# May LLD flows



## Sunbeam (Feb 24, 2009)

Rather than just keep adding to a long thread I will start a new threat reporting the tailrace flow at the Livingston dam

As of Monday 05/03/2010 the flow is 11,900 cfs. !2 gates are open 12".

The lake is currently 4" over the 131' elevation.
The in coming flow at Riverside in 7,000 cfs and falling.
It would appear that TRA will decrease the flow to no more than 6 gates by Wednesday at noon. The lake should be at 131' el. and the input will not be more than 6000 cfs.
This guess-ta-mate is based on previous operations and the lack of any significant run off in the next 48 hours.
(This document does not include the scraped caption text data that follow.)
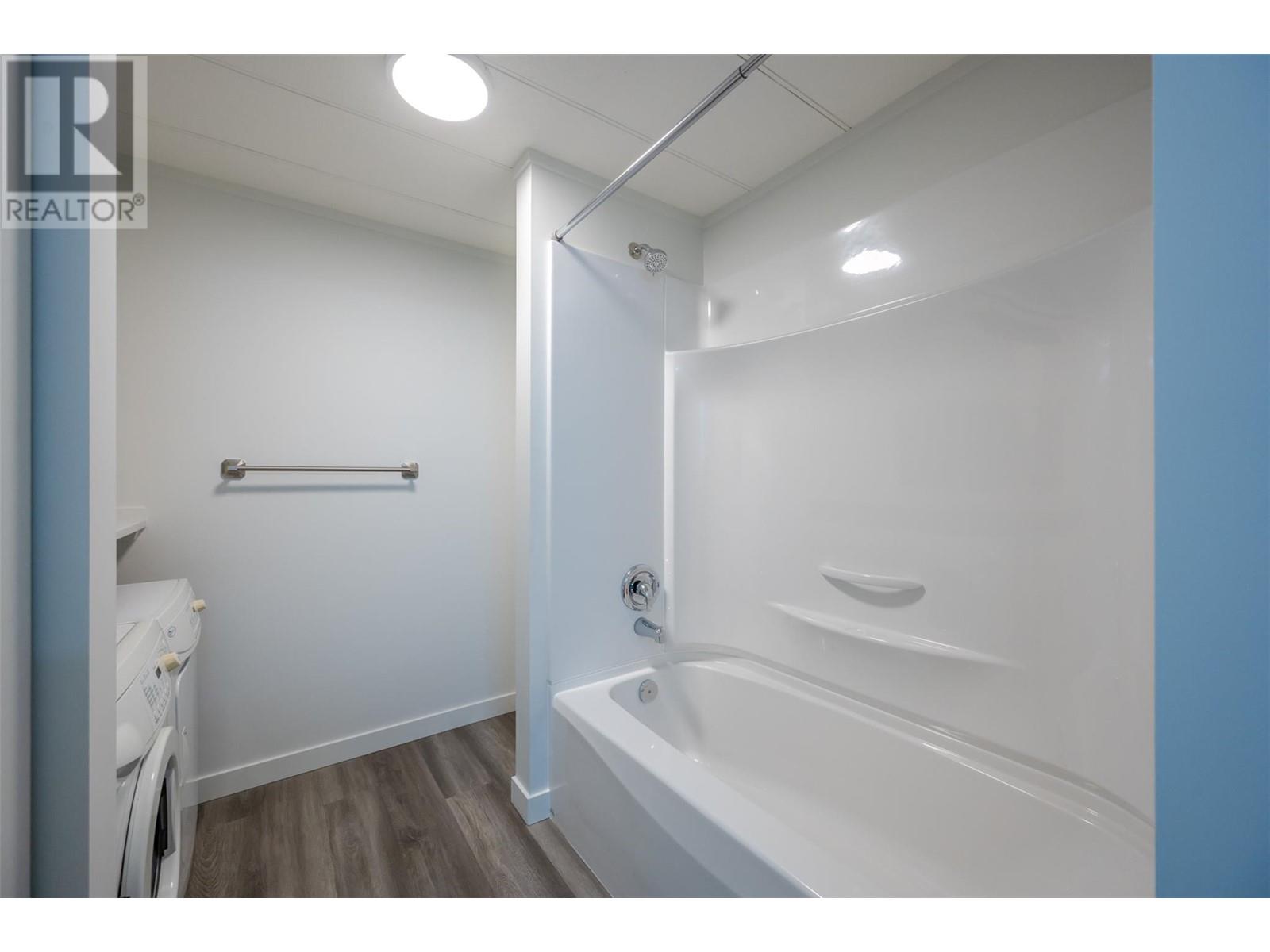 197 DAUPHIN Avenue Unit# 14 Penticton Photo 21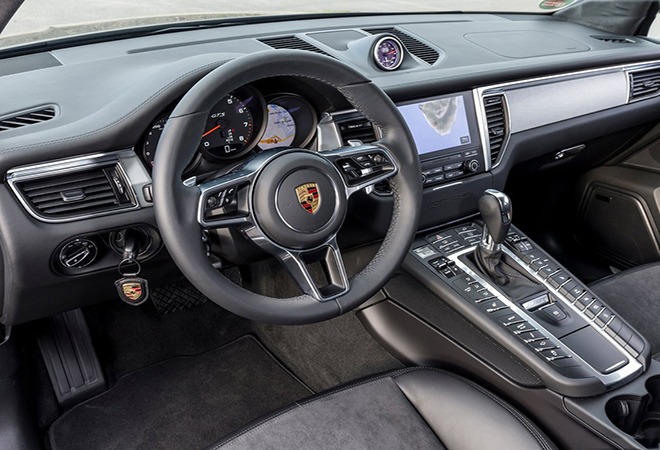 Rent a Porsche Macan - Image 9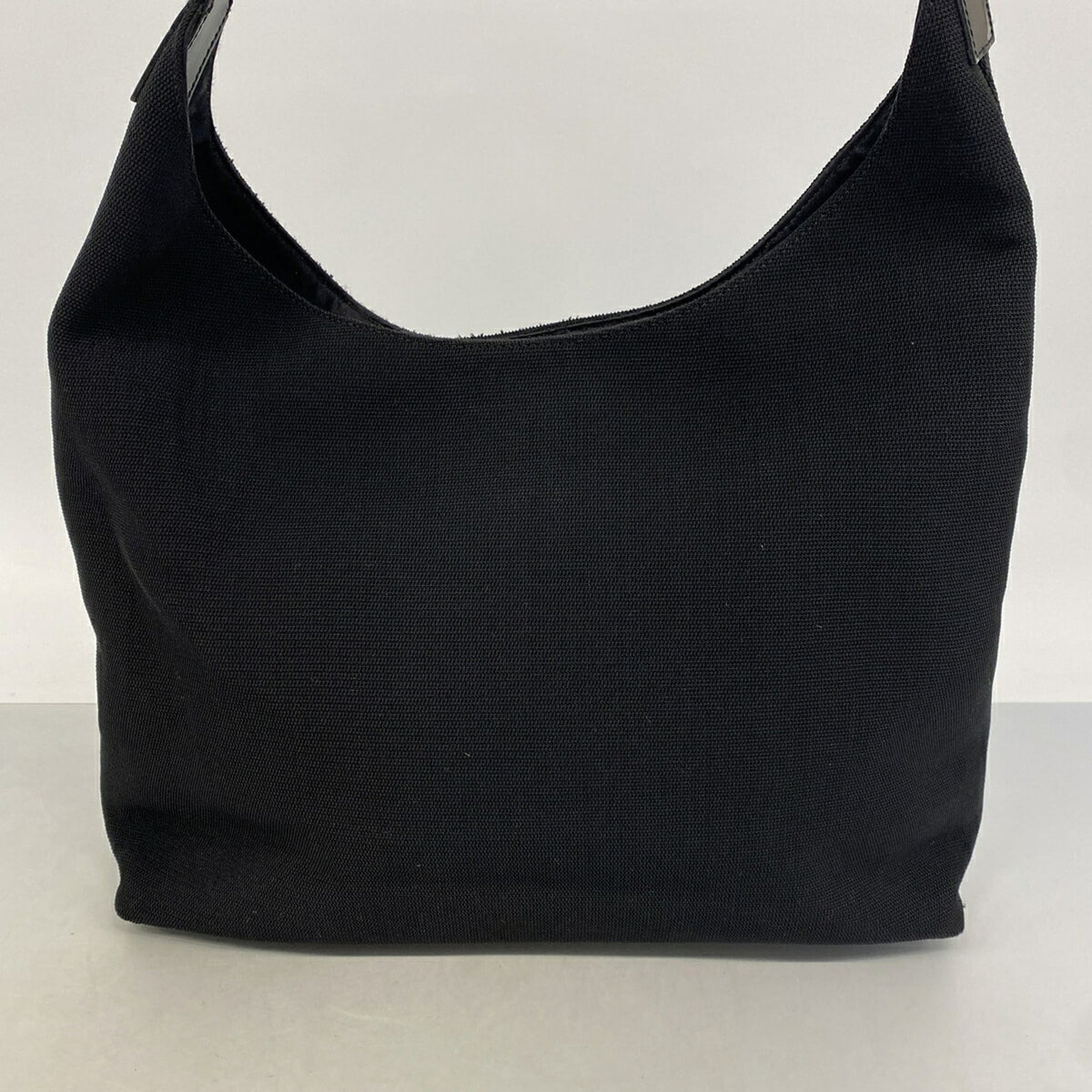 Gucci Black Canvas Shoulder Bag (Pre-Owned)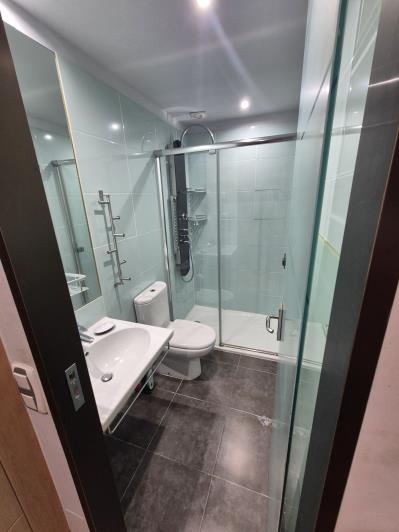 Image No.20-2 Bed Apartment for sale
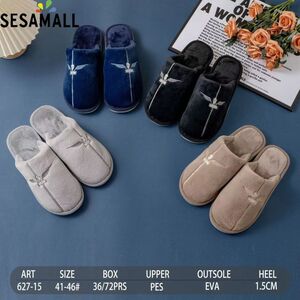 Mules d’intérieur en peluche pour homme avec petit emblème brodé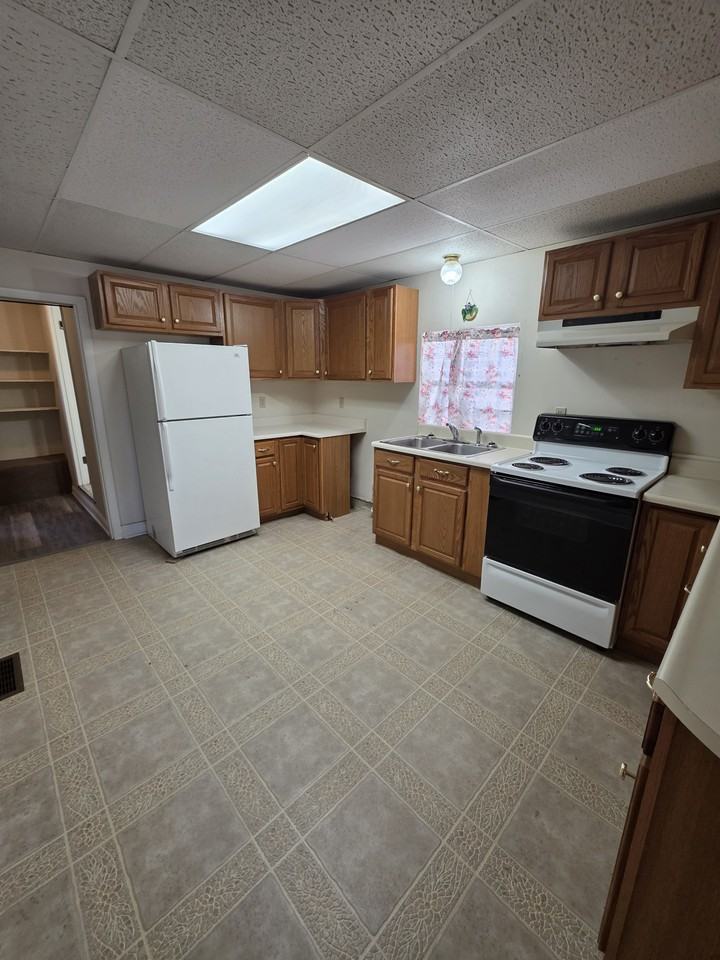 24 Kister Street - Photo 3 of 18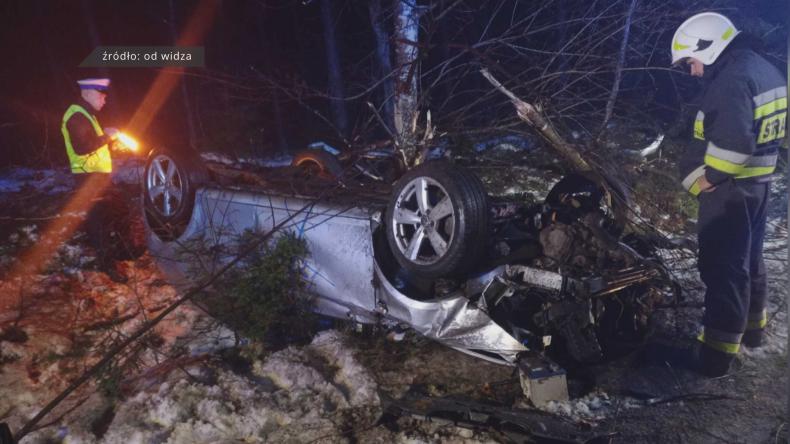 Osobówka wypadła z drogi i dachowała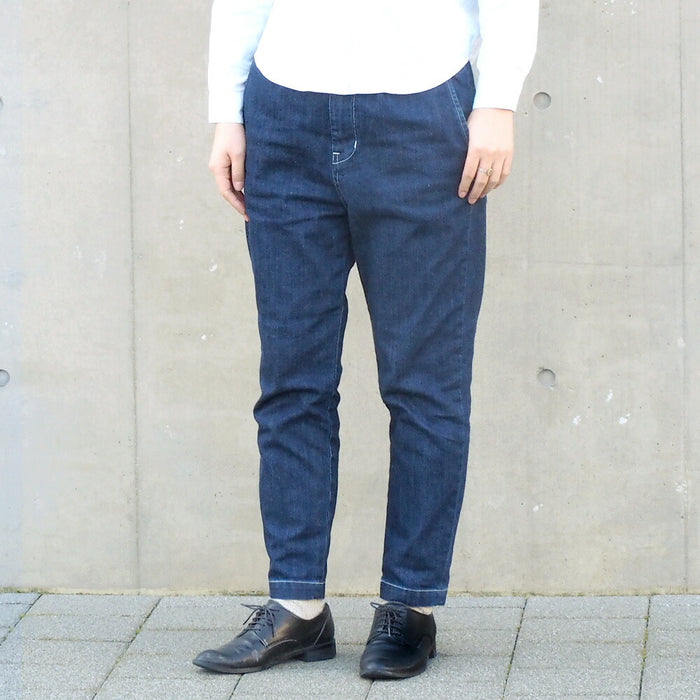 DEEP BLUE (deep blue) 10oz switching tapered denim pants Distressed processing [72822-2] Okayama Kurashiki Kojima jeans brand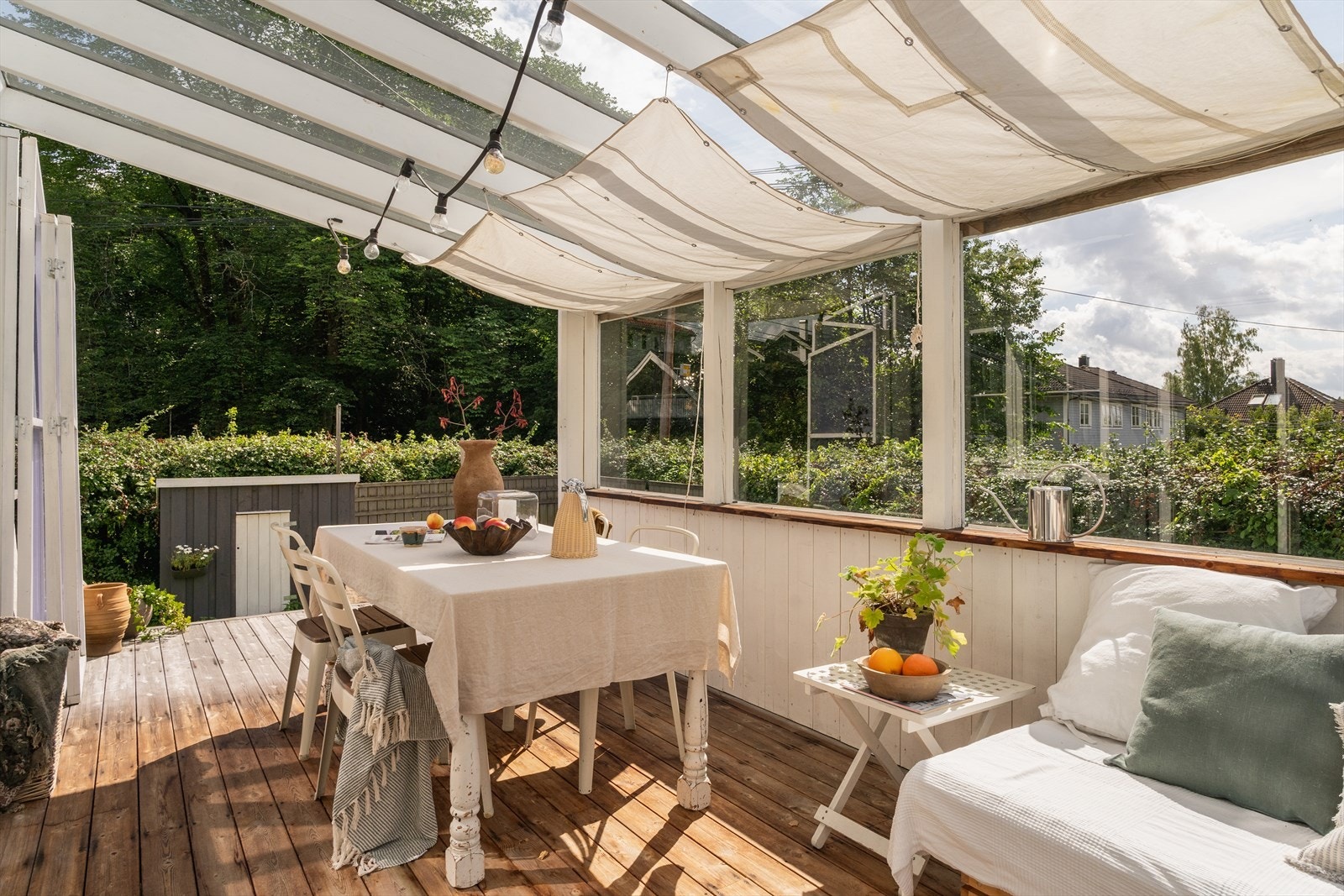 Fra stuen og spisestuen er det utgang til boligens idylliske og fantastiske uteplass Galleribilde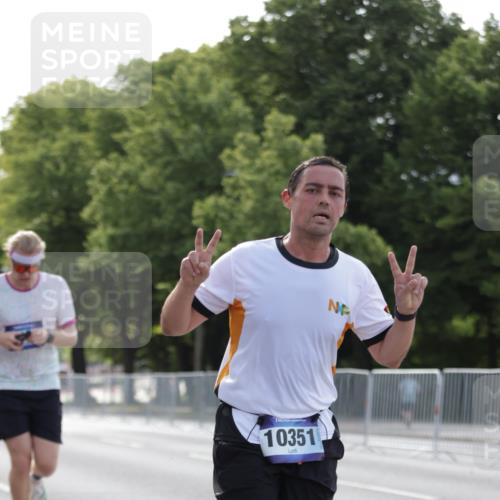 29.06.2025 - hella hamburg halbmarathon Jannik Wohlers http://msf.ph/oto/8184974 29.06.2025 09:43:18 Lombardsbrücke 2075, 2180, 2203, 8318, 9804, 10351, 13941, 15023, 15136, 17040, 17893, 18763, 18832 meine-sportfotos.de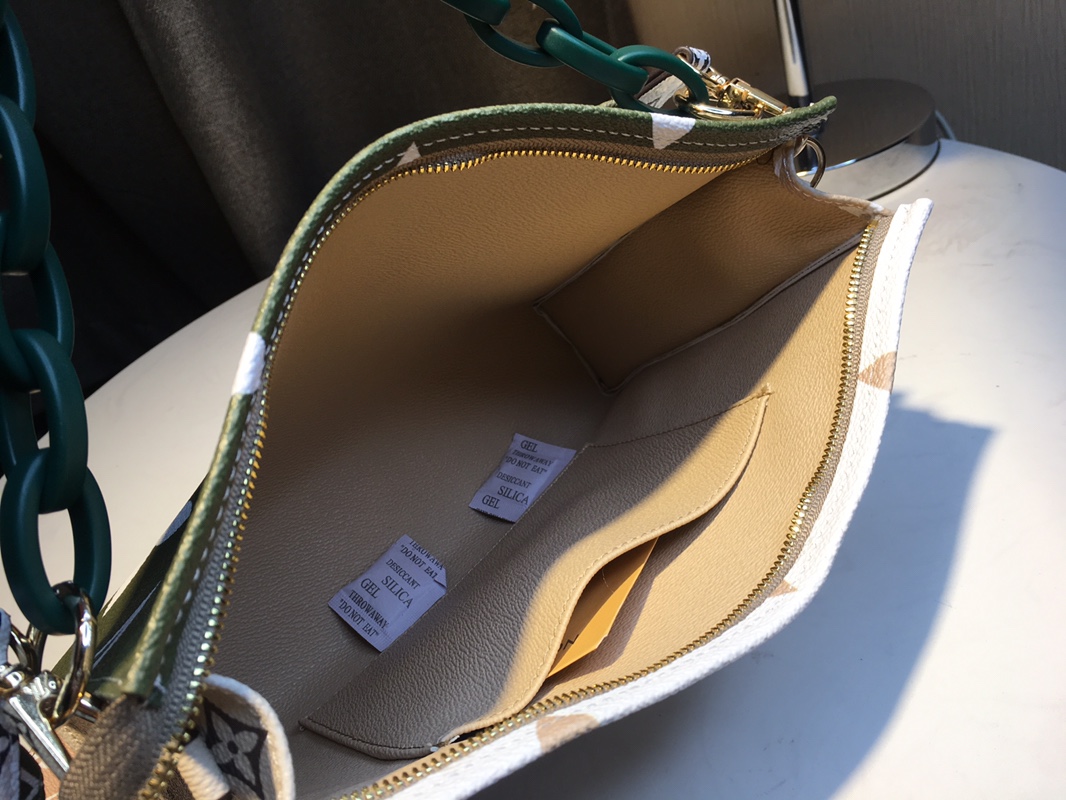 LV bag 。M47542LV W25H20D5 New LV ， — photo 8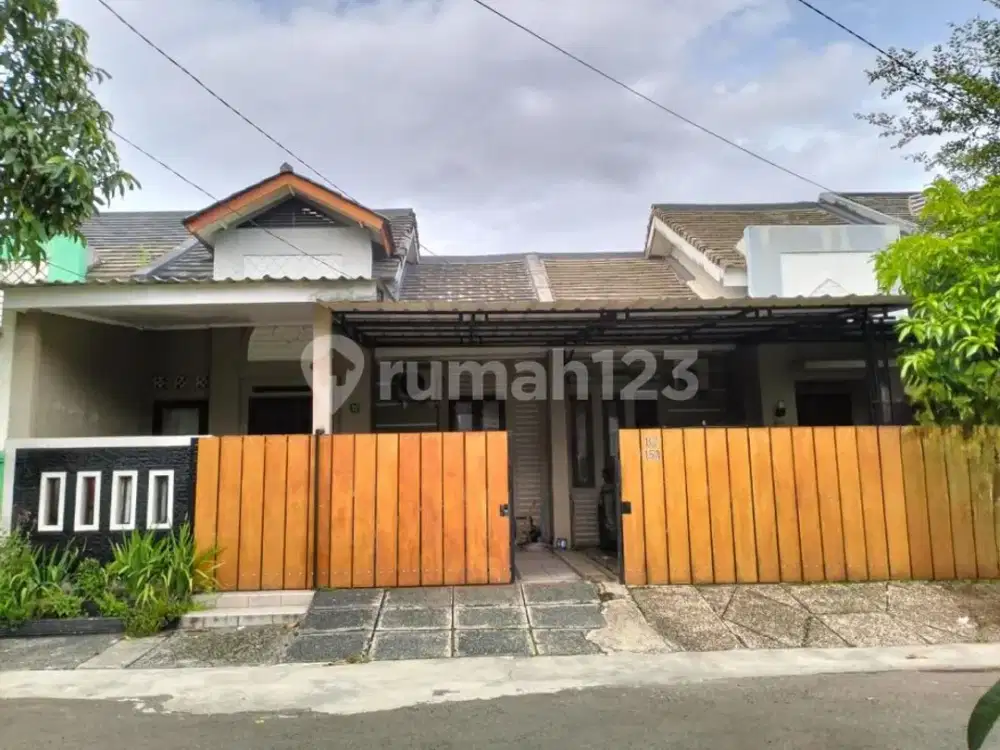 Rumah Siap Huni 1,5 Lantai Jl Boulevard GDC Cilodong Depok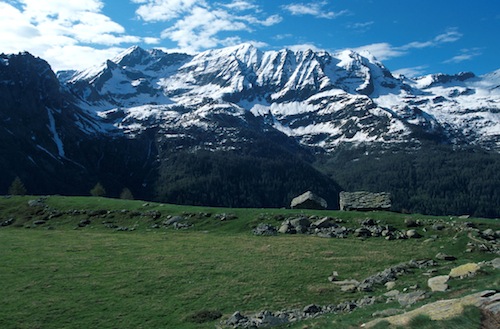 A_piedi_tra_le_nuvole_-_Ca_Bianca_Parco_Gran_Paradiso_ph._LC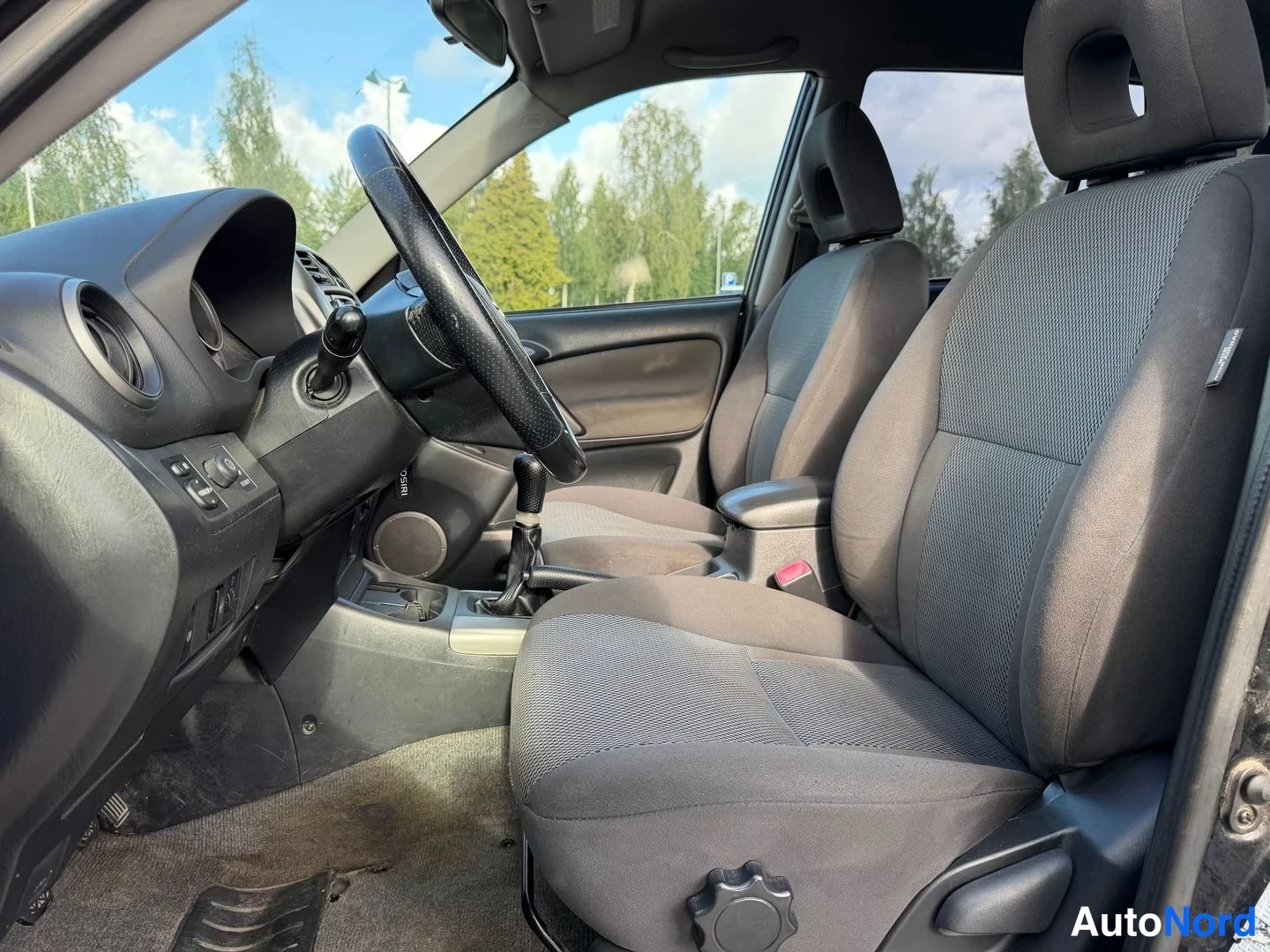 Musta Toyota RAV4 2005, etuistuimet, kuva 6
Sunbeam trivia mill...tight lines


----------



## timc_fish (Sep 14, 2009)

Sunbeam, thanks for the thread, this comes in very handy for people who are under the dam fishing.


----------



## BuckCarraway (Jan 5, 2010)

one of these days I need to go fish below the dam. It has been prob 20 years since the last time I went there.


----------



## shadslinger (Aug 21, 2005)

Saw very few boats on the river when we crossed the bridge yesterday. One thing about the river there as the discharge increases after about 7,000cfs there are fewer places to fish. Most of those being along the banks and in the corners.
When it comes down later in the week the fishing should be awesome again. 
Talking to Dave at Browder's yesterday and he and I both have been surprised at how the fish have rebounded in an hour or so after increases, usually takes a day or more. To me that means there are a lot more fish than usual below the dam and the competition is fierce so they have to root hog or die.


----------



## Meadowlark (Jul 19, 2008)

I'm looking forward to that predicted drop. The fishing has been absolutely awesome down there the last few weeks.


----------



## shadslinger (Aug 21, 2005)

This time the stripers will be on a great bite when it drops. I have a couple of sneaky tricks for them when it does. Look here it has already begun to drop!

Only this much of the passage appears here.